Once again the Obama administration had an opportunity to articulate a more restrained global posture, this time in a speech by Secretary of State Hillary Clinton before the Council on Foreign Relations. And once again the administration has chosen to cling to the tired old approach that holds out the United States as the “indispensable nation” and that saddles American taxpayers and American troops with nearly all of the burdens of global governance.


Secretary Clinton’s speech today reaffirms the administration’s preference for “leadership” in all areas, and a lack of interest in encouraging other countries to play a larger role. Indeed, the speech seems a step backward from a similar address last year. Whereas Clinton eighteen months ago had stressed partnering with other countries and engaging with adversaries, the tone in today’s speech, notes the Washington Post’s Glenn Kessler, “was subtly different, focused much more on the importance of the U.S. role in managing difficult problems.”

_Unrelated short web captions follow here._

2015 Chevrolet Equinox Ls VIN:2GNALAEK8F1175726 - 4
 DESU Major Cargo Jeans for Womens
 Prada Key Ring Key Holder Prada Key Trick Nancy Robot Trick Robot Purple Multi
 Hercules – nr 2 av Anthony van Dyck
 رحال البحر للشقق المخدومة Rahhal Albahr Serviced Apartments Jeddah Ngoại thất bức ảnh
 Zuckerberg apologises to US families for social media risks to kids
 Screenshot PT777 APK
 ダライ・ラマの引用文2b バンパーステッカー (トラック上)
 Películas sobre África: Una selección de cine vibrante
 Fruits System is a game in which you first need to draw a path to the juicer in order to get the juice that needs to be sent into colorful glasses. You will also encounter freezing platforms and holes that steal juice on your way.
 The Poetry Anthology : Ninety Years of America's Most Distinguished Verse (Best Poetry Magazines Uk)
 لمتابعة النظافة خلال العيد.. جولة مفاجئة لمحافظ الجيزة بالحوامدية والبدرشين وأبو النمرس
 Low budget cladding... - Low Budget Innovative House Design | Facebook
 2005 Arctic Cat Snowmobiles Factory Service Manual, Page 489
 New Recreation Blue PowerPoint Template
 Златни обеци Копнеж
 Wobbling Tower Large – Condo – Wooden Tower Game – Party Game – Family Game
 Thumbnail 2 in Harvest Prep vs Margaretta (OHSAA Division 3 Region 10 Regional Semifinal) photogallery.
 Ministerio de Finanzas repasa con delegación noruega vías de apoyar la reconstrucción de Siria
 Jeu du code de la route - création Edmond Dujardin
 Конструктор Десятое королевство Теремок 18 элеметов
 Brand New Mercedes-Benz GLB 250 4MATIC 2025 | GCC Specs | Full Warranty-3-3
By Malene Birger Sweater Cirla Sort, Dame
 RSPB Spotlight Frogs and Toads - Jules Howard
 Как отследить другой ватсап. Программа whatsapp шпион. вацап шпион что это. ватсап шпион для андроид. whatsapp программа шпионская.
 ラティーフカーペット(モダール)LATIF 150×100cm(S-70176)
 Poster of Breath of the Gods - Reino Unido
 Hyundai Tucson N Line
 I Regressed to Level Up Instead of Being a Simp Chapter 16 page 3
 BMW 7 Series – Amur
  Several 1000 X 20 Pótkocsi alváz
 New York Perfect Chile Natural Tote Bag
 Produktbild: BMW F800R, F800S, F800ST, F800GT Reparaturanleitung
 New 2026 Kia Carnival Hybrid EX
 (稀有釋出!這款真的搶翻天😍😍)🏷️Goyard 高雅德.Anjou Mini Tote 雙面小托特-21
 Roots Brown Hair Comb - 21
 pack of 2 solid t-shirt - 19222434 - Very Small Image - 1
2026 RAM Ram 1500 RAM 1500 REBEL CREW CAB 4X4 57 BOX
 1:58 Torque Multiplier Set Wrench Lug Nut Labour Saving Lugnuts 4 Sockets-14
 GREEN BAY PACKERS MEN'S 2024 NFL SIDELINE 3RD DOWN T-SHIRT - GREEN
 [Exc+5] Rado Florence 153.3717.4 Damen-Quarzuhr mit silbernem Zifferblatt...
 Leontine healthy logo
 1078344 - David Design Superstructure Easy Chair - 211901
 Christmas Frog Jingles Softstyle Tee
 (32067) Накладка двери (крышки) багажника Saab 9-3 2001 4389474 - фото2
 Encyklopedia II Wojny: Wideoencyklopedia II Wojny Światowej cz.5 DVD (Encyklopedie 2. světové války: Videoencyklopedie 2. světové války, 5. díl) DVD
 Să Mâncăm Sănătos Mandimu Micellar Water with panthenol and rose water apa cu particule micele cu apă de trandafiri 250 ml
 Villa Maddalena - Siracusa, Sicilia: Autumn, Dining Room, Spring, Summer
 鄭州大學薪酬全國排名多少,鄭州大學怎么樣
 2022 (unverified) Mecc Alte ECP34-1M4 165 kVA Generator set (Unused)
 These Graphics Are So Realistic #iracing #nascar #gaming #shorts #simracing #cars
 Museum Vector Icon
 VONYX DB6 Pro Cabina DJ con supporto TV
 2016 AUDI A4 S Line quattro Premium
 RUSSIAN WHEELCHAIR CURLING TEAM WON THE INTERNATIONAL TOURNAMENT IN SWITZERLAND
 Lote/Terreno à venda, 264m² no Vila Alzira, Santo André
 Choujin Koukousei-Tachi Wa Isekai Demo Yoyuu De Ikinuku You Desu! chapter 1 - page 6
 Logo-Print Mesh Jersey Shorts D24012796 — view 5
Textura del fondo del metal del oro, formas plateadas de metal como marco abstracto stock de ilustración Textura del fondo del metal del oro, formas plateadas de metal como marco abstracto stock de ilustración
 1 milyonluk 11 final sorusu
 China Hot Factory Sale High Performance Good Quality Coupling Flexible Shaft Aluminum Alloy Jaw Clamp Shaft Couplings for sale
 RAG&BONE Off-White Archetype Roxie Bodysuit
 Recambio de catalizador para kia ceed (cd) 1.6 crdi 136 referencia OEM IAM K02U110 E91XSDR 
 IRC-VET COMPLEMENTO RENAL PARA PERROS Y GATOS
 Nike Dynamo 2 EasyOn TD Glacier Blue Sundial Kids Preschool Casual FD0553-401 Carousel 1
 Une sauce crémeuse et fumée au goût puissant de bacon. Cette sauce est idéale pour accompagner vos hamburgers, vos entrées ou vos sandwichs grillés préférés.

This sort of meddling might appeal to Washington policy elites who are so confident in their ability to “manag[e] difficult affairs”, but it is unnecessary and dangerous. And much of this effort, good intentioned though it may be, is likely to fail.

It need not have been this way. There is ample evidence that a different approach could save hundreds of billions of dollars over the next ten years, while actually enhancing our security by reducing the likelihood that U.S. troops would become involved in unnecessary wars. Though his claims for what he would do to the domestic economy were grandiose, Obama’s rhetoric with respect to foreign policy evinced signs of humility. There was talk of a need to prioritize, and signs of open-mindedness to shedding some of the missions taken on by past presidents.


Within days of the election, however, the president-elect named Clinton Secretary of State, and announced that Robert Gates would remain at DoD. This move signaled continuity over change, and, more worrisome, suggested that Obama was now questioning some of his own good judgment in opposing the war in Iraq and other “dumb wars,” which other members of the incoming administration — Clinton most prominent among them — had supported.


Any lingering humility within the Obama administration seems to have been extinguished. The lesson to take away from the past decades, according to Secretary Clinton, is not of the need to temper our ambitions, husband our resources, and prioritize to deal with the most urgent treats. Rather, we are obligated to “lead” everywhere. “The world looks to us,” she explains:

because America has the reach and resolve to mobilize the shared effort needed to solve problems on a global scale — in defense of our own interests, but also as a force for progress. In this we have no rival.

“For the United States,” she continues, “global leadership is both a responsibility and an unparalleled opportunity.”


The language and tone is strikingly similar to Madeleine Albright’s confident assertion in 1998 that “We stand tall and we see further than other countries into the future, and we see the danger here to all of us.”


Albright might have been forgiven such arrogance in the days before 9/11, before Afghanistan, before Iraq. But it is unconscionable for U.S. policymakers today to cling to American “leadership” in the face of our recent setbacks. There is an urgent need to rethink the purpose of American power. If we do not, the costs of attempting to police the planet will continue to mount, and the gap between our goals and the resources available to satisfy them will grow wider.


We should reaffirm that our military exists to advance our security, and shed our pretensions that we can manage other people’s conflicts, and build other people’s countries. While we will lead some of the time, we need not, and we should not, lead all of the time. It is long past time for others to step up.